It was dark when I left this morning, and Swiss Army was still snoring as I crept out of camp. In just a short distance, the trail crossed over a clear stream of ice-cold mountain water. I stopped to fill my water containers, and in the dim light of my headlamp, I could see that there was a fork in the trail. A little confused as to which way to go, I made my judgment based on the depth of the tread in the trail. I chose the left-hand fork and hoped it was the correct one. Not too far along the trail, my choice was verified by a PCT metal marker tacked to a tree. However, had I been totally confused concerning which trail to take, I could have retrieved my Garmin GPS, turned it on, and chosen my direction from the information that would appear on the screen.
To my knowledge, I was one of the few trail hikers that was actually using a stand-alone GPS such as Garmin for direction finding, and for good reason; it's old-school technology compared to what is now available. Most of the hikers who used GPS for direction and location finding did so with a downloadable app for their Smartphone. The two most common apps were Halfmile's, offered free by the owner, Lon Cooper, who produces the paper maps most hikers use, and another app called Guthook, which is a set of four downloadable maps, one each for Southern and Northern California, Oregon, and Washington, at a cost of $5.99 per download.
When I bought my Garmin GPS in 2011, GPS apps for the Smartphones weren’t available. With the Garmin, I was able to download all of Halfmile’s maps into the unit and it worked reasonably well, although I never really became proficient with it. When activated, it would display waypoints, then with the mouse hovering over the waypoint, the mileage from the Mexican border would be displayed on the screen. I never found the setting that would show the PCT as an actual line on the map, which was disconcerting.
Many hikers had both apps downloaded in their Smartphones and both were user-friendly, but from what I saw, Guthook’s app provided a ton of information in addition to pinpointing one’s location on the trail. I had Guthook’s app downloaded on my Version Android phone, but it took so long for the GPS to pinpoint my position, that I didn’t use it much, and when it did refresh, it always started at the front of the trail, as opposed to starting at my actual position.
At the fork in the trail, had I turned it on and had it been working properly, I would have seen my position at the stream with the fork in the trail. The blue line, which was a representation of the trail set against a green background, which represented the terrain around the trail, would have shown the trail leading off to the left. If I had taken the right-hand fork, the mouse pointer would have instantly indicated my position in relation to the trail, and I could have made an immediate course correction.
If I were to do the Pacific Crest Trail again, I would leave my Garmin GPS home and buy an iPhone with all of Guthook's maps properly, and I emphasize properly, downloaded into the unit.
The maps I’m using aren’t expanded enough to give a real bird’s-eye view of the land surrounding the trail, which makes it hard to keep straight the boundary lines between forest lands and wilderness lands.
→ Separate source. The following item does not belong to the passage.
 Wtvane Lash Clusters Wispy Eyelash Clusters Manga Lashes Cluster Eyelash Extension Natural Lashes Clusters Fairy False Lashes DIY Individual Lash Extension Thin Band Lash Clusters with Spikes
Etna Summit and the road leading down to the small community of Etna were now just a few miles away. The trail began a gradual descent down a canyon, and as I got nearer to Etna Summit and the highway that crossed over it, I could see the land falling off to either side of the ridge.
The last big push took me down the trail of dirt and rock to the trailhead and parking lot and to a bright green 1978 Volkswagen bus sitting at the edge of the road. I knew instantly that the bus belonged to Weebee’s parents, Kermit and June Bug, and they were performing trail magic. I was so delighted to see them; we all embraced like we were long-lost friends and had known each other since childhood. Actually, this was the third time I had encountered them on the trail. They are such sweet people with oversized hearts of gold.
They invited me to sit in a camp chair around the small camp table they had set up next to their bus. They offered cookies, salty snacks, and cold lemonade. The best part of their trail magic was just the opportunity to sit in a real chair. As we visited, I contemplated how best to get into Etna – twelve miles distance, and it was soon apparent that hitchhiking was the only solution. I inquired about Runs-with-Elk and Cookie, and Kermit said they had come through a few hours ago, and immediately caught a ride.